Copy the complete listing word for word, but do not carry over any images.

═══ Dataset section ═══

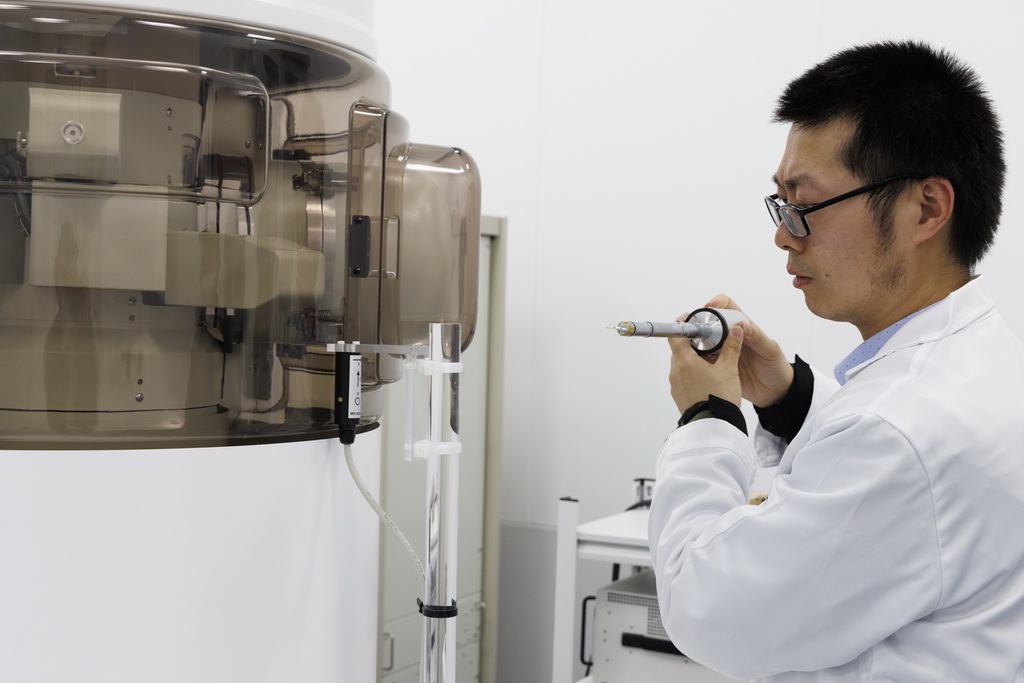 4月2日，在中國科學院金屬研究所沈陽材料科學國家研究中心實驗室，潘慶松研究員準備把加工過的金屬材料樣品放進掃描電鏡，以觀察結構變化。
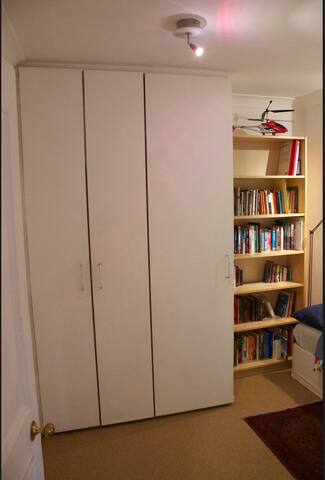 FAB. FLAT IN COVENT GARDEN- 7 DIALS gallery image 5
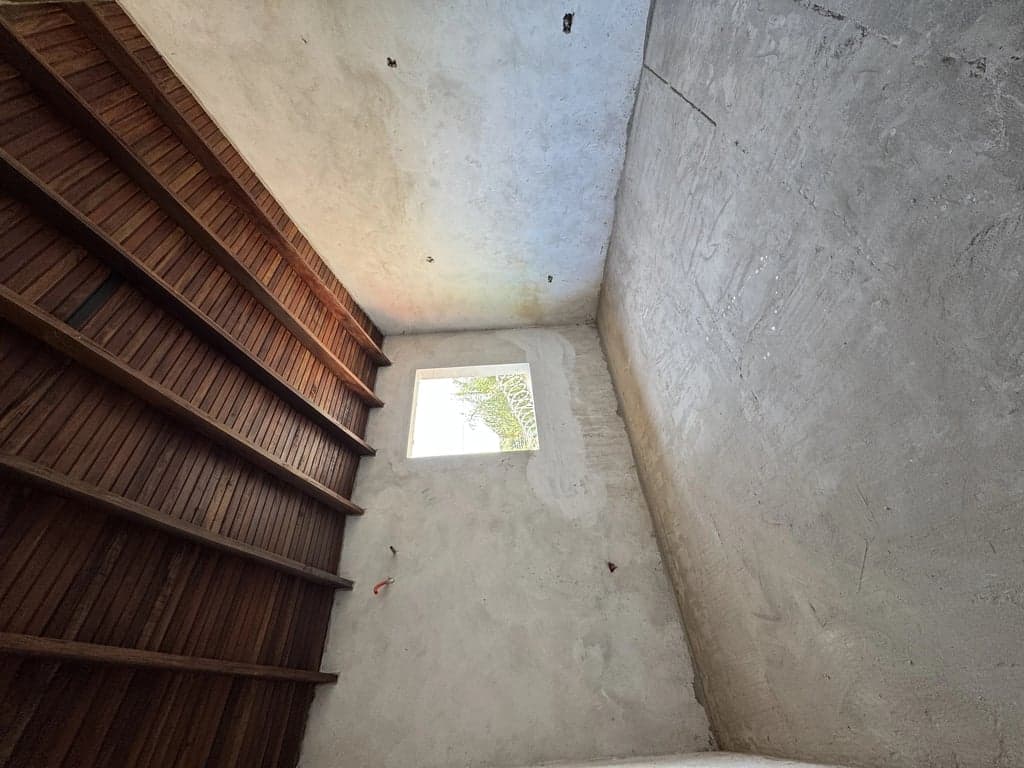 Casa semi terminada en Mariano Roque Alonso 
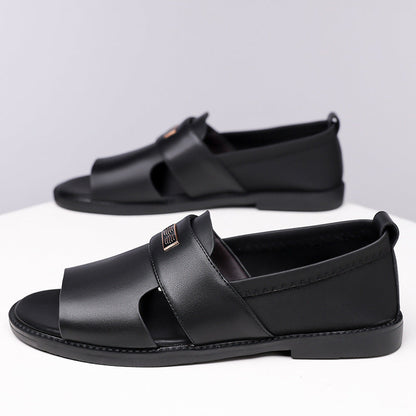 Men's comfortable walking sandals with adjustable straps, suitable for various outdoor and casual settings.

═══

#### [Response]
 4月2日，在中國科學院金屬研究所沈陽材料科學國家研究中心實驗室，潘慶松研究員準備把加工過的金屬材料樣品放進掃描電鏡，以觀察結構變化。
 FAB. FLAT IN COVENT GARDEN- 7 DIALS gallery image 5
 Casa semi terminada en Mariano Roque Alonso 
 Men's comfortable walking sandals with adjustable straps, suitable for various outdoor and casual settings.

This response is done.